The Canonical URL tag attribute is similar in many ways to a 301 redirect from an SEO perspective. In essence, you're telling the engines that multiple pages should be considered as one (which a 301 does), without actually redirecting visitors to the new URL (often saving your dev staff considerable heartache). You can read more about implementation and specifics of the tag here.

As an example of canonicalization, SEOmoz has worked on several campaigns where two versions of every content page existed in both a standard, web version and a print-friendly version. In one instance, the publisher's own site linked to both versions, and many external links pointed to both as well (this is a common phenomenon, as bloggers & social media types like to link to print-friendly versions to avoid advertising). We worked to individually 301 re-direct all of the print-friendly versions of the content back to the originals and created a CSS option to show the page in printer-friendly format (on the same URL). This resulted in a boost of more than 20% in search engine traffic within 60 days. Not bad for a project that only required an hour to identify and a few clever rules in the htaccess file to fix.

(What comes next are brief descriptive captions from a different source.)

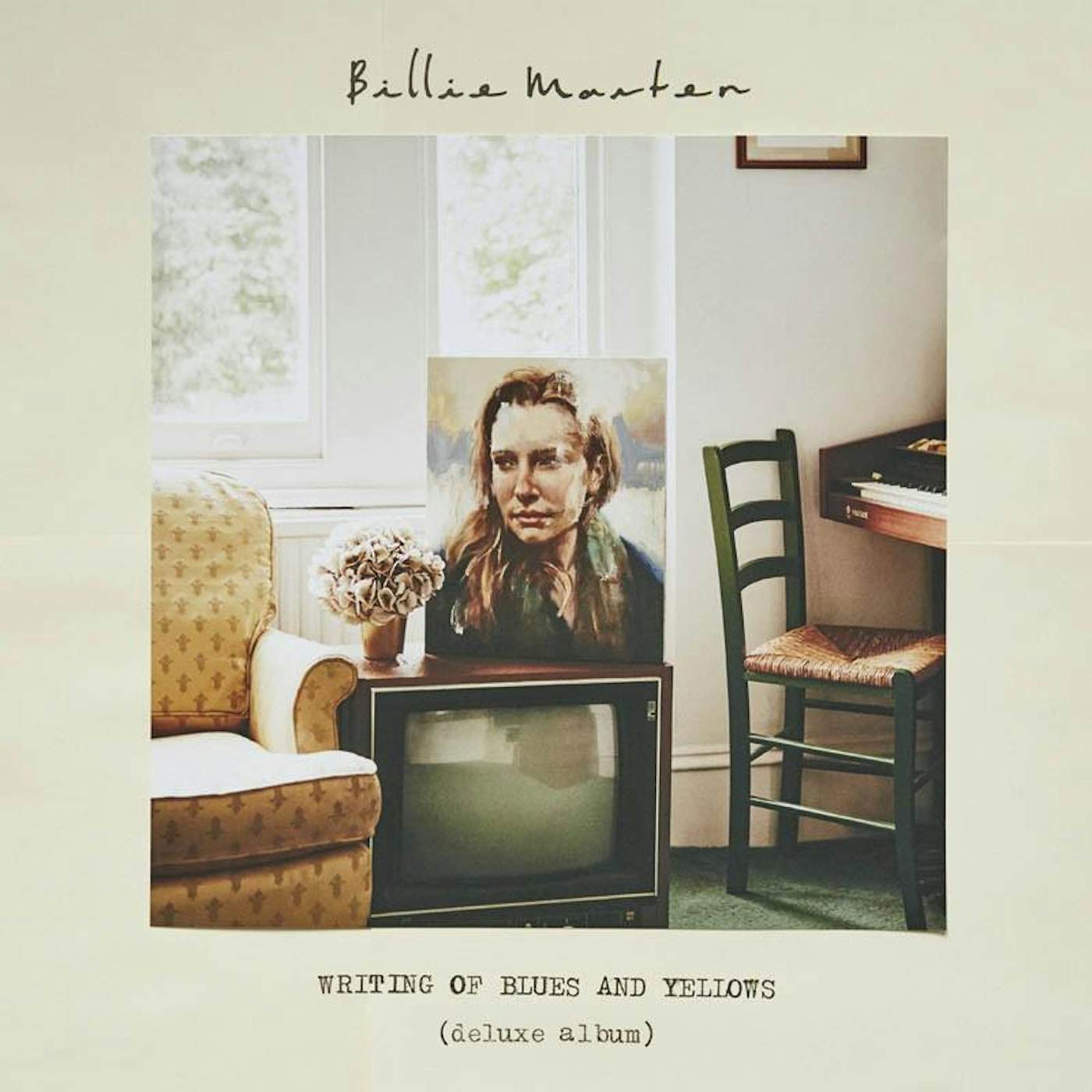 Billie Marten Writing of Blues and Yellows - Deluxe CD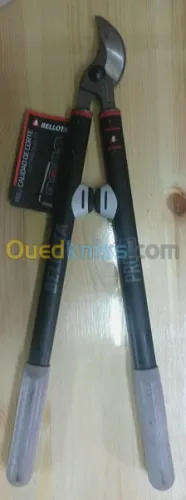 ébrancheur / sécateur à 2 mains 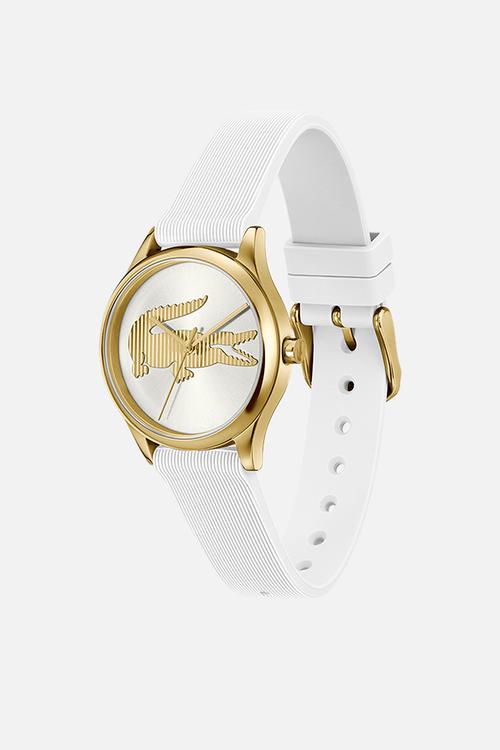 Crocodelle Watch - White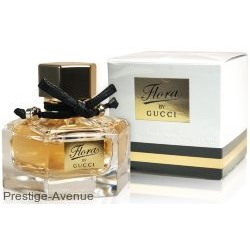 Gucci - Парфюмированная вода Flora by Gucci Eau de Parfum 75 мл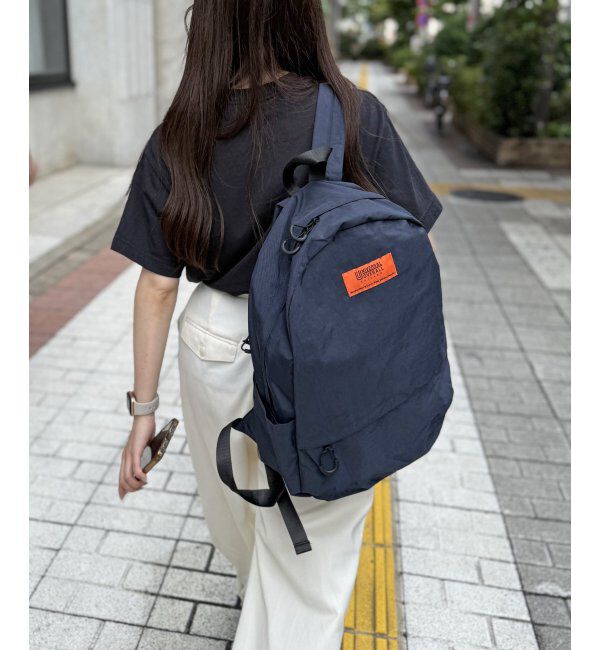 ikka「ＵＮＩＶＥＲＳＡＬ　Ｗａｓｈｅｒ　ＢＰ」|その他|ネイビー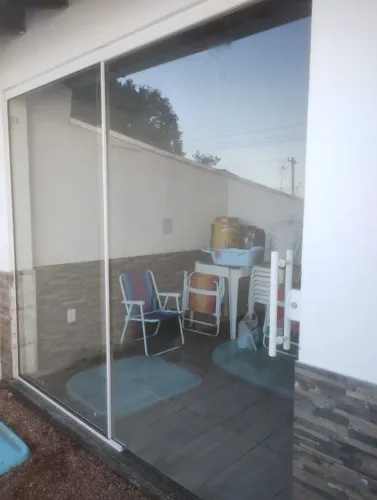 POrtas de vidro 8 mn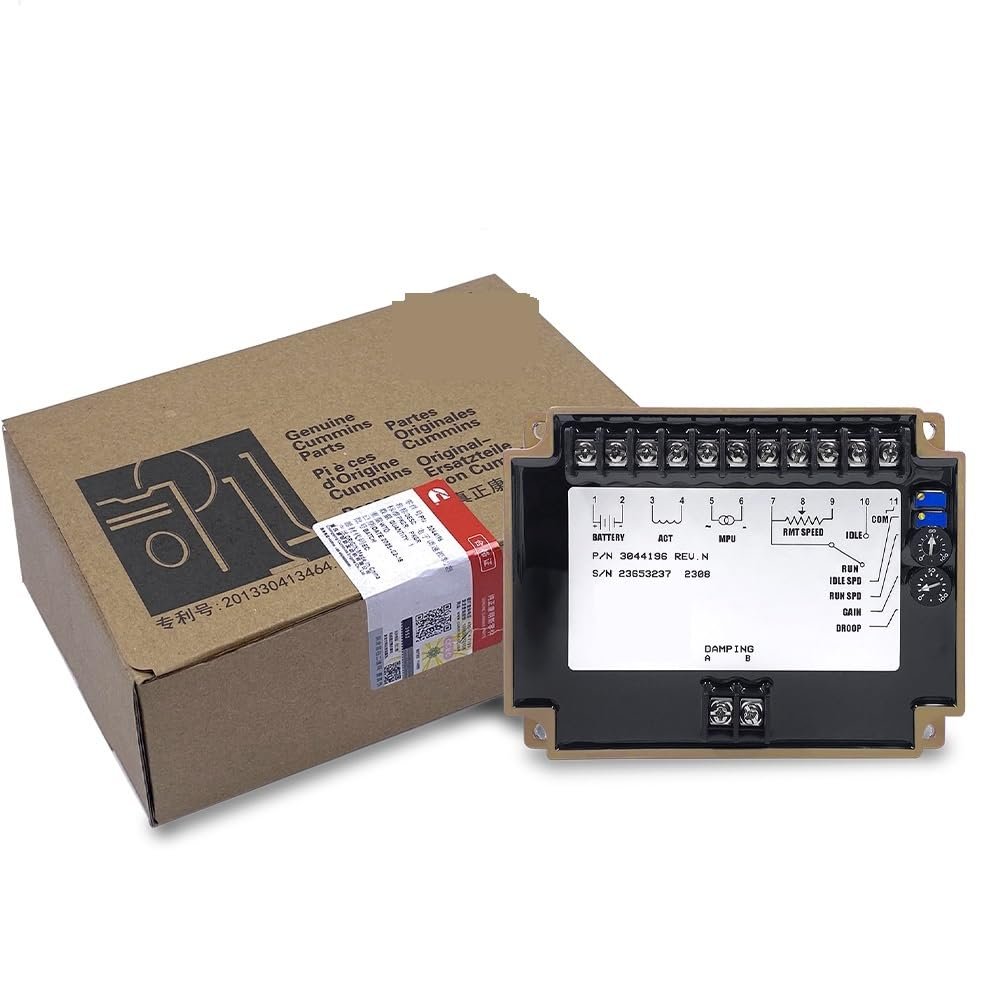 3044196 Engine Speed Controller Governor for Diesel Generator EFC3044196
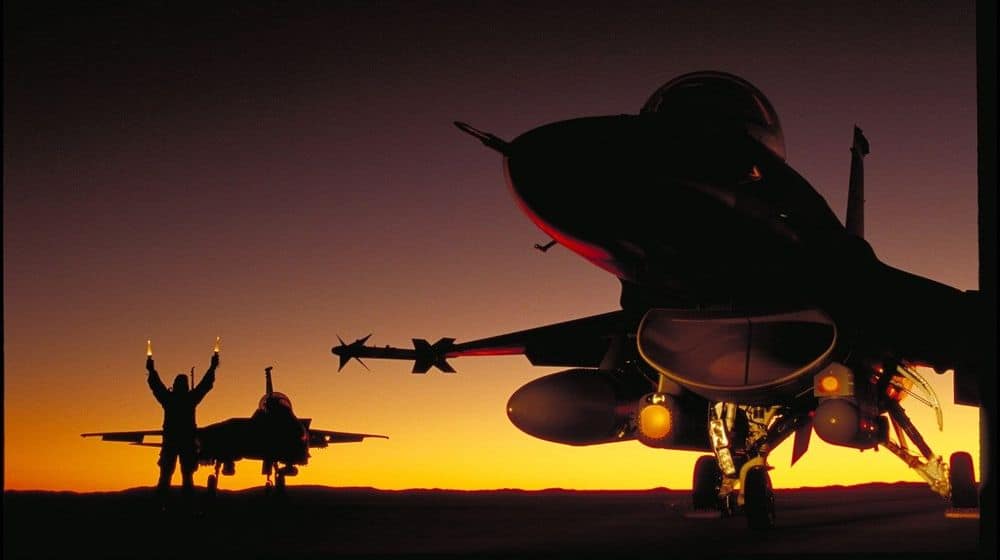 United States to upgrade Pakistani F-16 fighter jets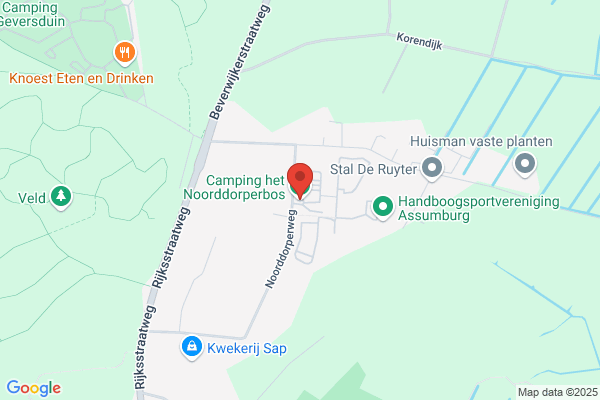 Camping Noorddorperbos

Defending Your Rankings Against Scrapers & Spammers

Unfortunately, the web is filled with hundreds of thousands (if not millions) of unscrupulous websites whose business and traffic models depend on plucking the content of other sites and re-using them (sometimes in strangely modified ways) on their own domains. This practice of fetching your content and re-publishing is called "scraping," and the scrapers make remarkably good earnings by outranking sites for their own content and displaying ads (ironically, often Google's own AdSense program).

Preventing the scraping itself is often next to impossible, but there are good ways to protect yourself from losing out to these copycats.

Spammer Taking Content

First off, when you publish content in any type of feed format - RSS/XML/etc - make sure to ping the major blogging/tracking services (like Google, Technorati, Yahoo!, etc.). You can find instructions for how to ping services like Google and Technorati directly from their sites, or use a service like Pingomatic to automate the process. If your publishing software is custom-built, it's typically wise for the developer(s) to include auto-pinging upon publishing.

Next, you can use the scrapers' laziness against them. Most of the scrapers on the web will re-publish content without editing, and thus, by including links back to your site, and the specific post you've authored, you can ensure that the search engines see most of the copies linking back to you (indicating that your source is probably the originator). To do this, you'll need to use absolute, rather that relative links in your internal linking structure. Thus, rather than linking to your home page using:

<a href="../>Home</a>

You would instead use:

<a href="https://moz.com">Home</a>

This way, when a scraper picks up and copies the content, the link remains pointing to your site.

There are more advanced ways to protect against scraping, but none of them are entirely foolproof. You should expect that the more popular and visible your site gets, the more often you'll find your content scraped and re-published. Many times, you can ignore this problem, but if it gets very severe, and you find the scrapers taking away your rankings and traffic, you may consider using a legal process called a DMCA takedown. Luckily, SEOmoz's own in-house counsel, Sarah Bird, has authored a brilliant piece to help solve just this problem - Four Ways to Enforce Your Copyright: What to Do When Your Online Content is Being Stolen.


As always, comments, corrections, and suggestions are greatly appreciated! I'll try to speed up the guide in the next few days and weeks, so look for a little more "back to basics" blogging. I'll rely on Rebecca, Jane, & the YOUmozzers to keep adding diversity to the mix. :)

p.s. Oh jeez... 3:50am. I really need to start sleeping more.